---- RECORDS SHOWN

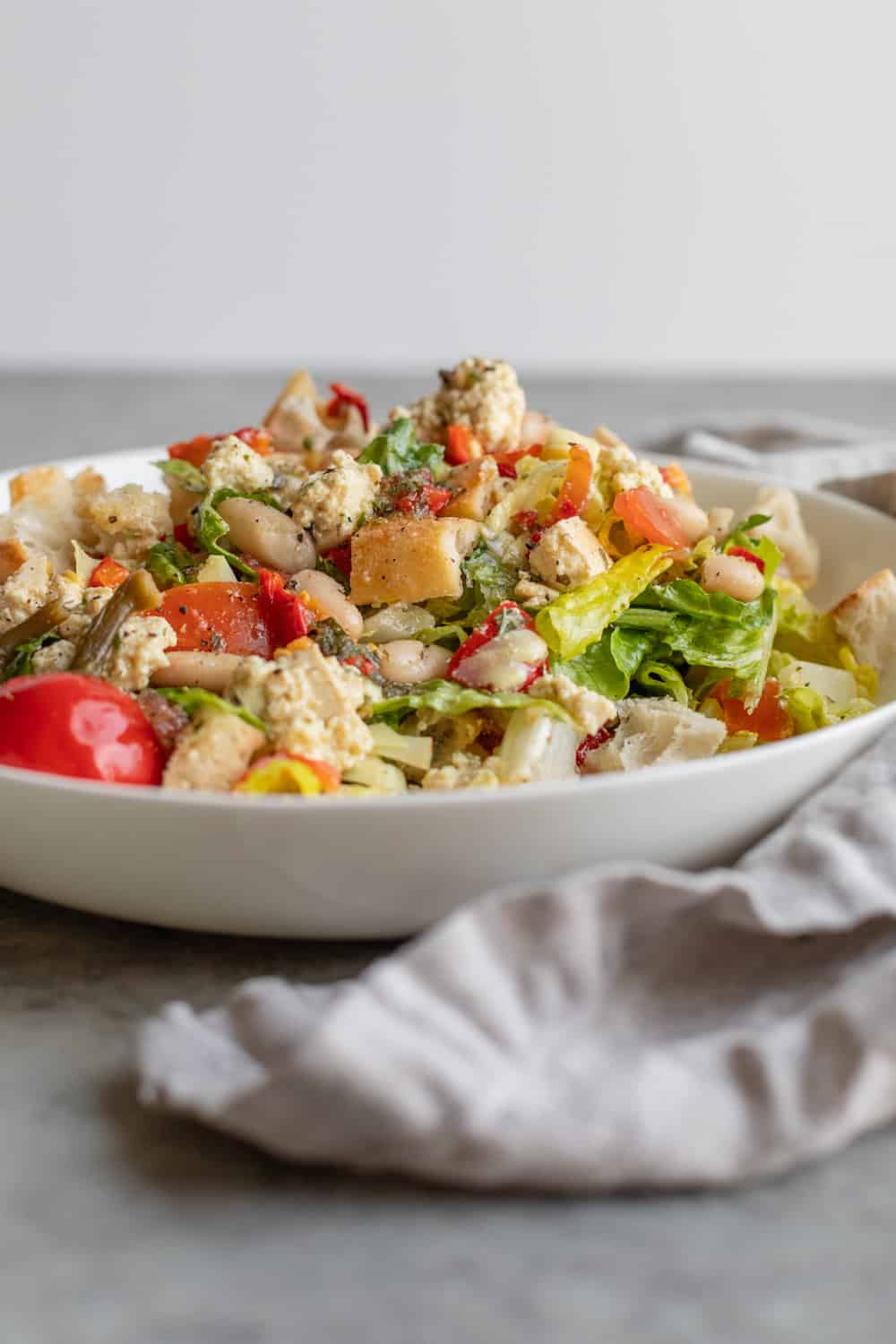 Vegetarian Italian Chopped Salad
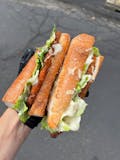 Chicken Cutlet Caesar Sub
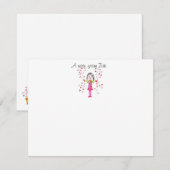 Toelichting op papier van het hart - notitiekaartje (Voorkant / Achterkant)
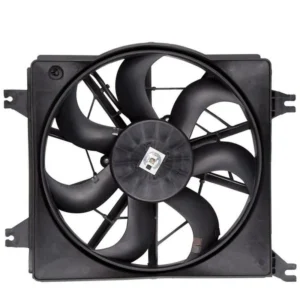 Yoonshan Radiator Fan for KIA Pride vice fan Front_View(OE:97730-22500,97730-22550,97730-22010,97730-22080,97730-22000)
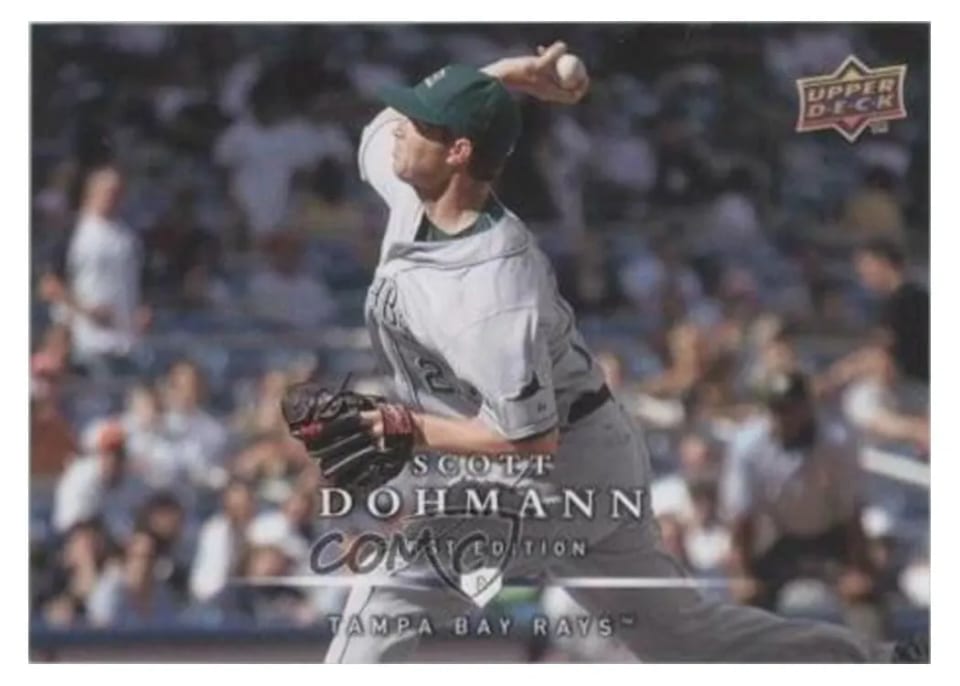 2008 Upper Deck First Edition scott Dohmann #69 card
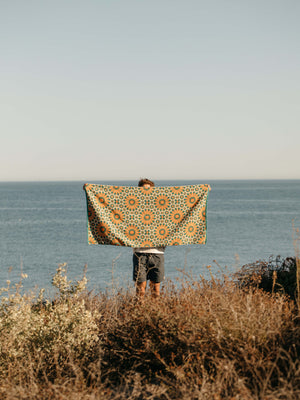 Image of Stile Towel in Wakame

--------

I'd like every record printed exactly, with the pictures left out.

▸ WRITTEN REPLY
 Vegetarian Italian Chopped Salad
 Chicken Cutlet Caesar Sub
 Toelichting op papier van het hart - notitiekaartje (Voorkant / Achterkant)
 Yoonshan Radiator Fan for KIA Pride vice fan Front_View(OE:97730-22500,97730-22550,97730-22010,97730-22080,97730-22000)
 2008 Upper Deck First Edition scott Dohmann #69 card
 Image of Stile Towel in Wakame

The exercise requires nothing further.